Which will have greater impact on the electric force of attraction between two charged particles, doubling the distance between the two particles, or doubling the charge in one particle?
Because electric force is calculated as (K*q1*q2)/(r^2), doubling the charge in one particle will simply double the force, but increasing the distance to double will drop the force to a quarter of the original, having a greater impact.
Calculate the definite integral of the function 3x^2 + 1 from x=1 to x=5
First, to find the anti-derivative we can just undo the chain rule so that 3x^2 + 1 becomes x^3 + x + C. Using the first fundamental theorem of calculus, we can then calculate that the definite integral = (5^3)+5+C - ((1^3)+1+C). This simplifies to 5^3+3 or 128.

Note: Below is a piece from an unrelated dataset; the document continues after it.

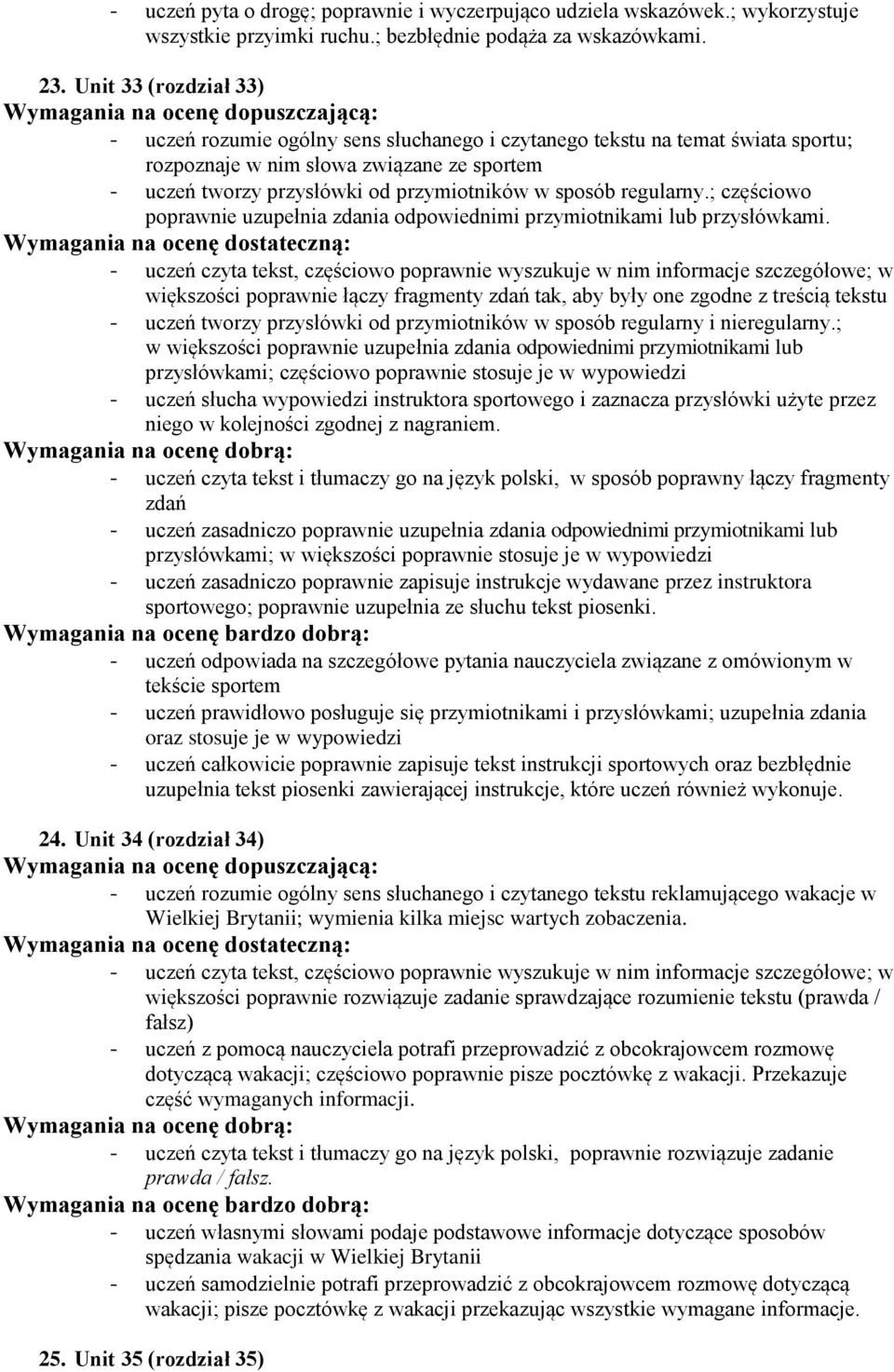 regularny.; częściowo poprawnie uzupełnia zdania odpowiednimi przymiotnikami lub przysłówkami.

Consider a 400 N physics student riding a Ferris wheel. She decides to conduct an experiment to see what the difference in her weight is at the top of the wheel versus the bottom. If at the top of the wheel she her scale reads 300 N how much does her scale read at the bottom of the Ferris wheel?
At the top of the wheel the forces acting on the student in the y-direction can be limited to the force of her scale pushing her up and gravity pushing her down. Because of the motion of the Ferris wheel, part of the force of gravity maintains her circular motion. You can discount this when calculating her weight at the height of the wheel. This situation is mirrored at the bottom of the wheel, but with gravity instead adding to her weight. Therefore, the difference between the reading at the top of the wheel, 300 N, and her normal weight, 400 N is the negative of the difference between the reading at the bottom and her weight. Using this, we can understand that the reading at the bottom of the wheel will be 500 N.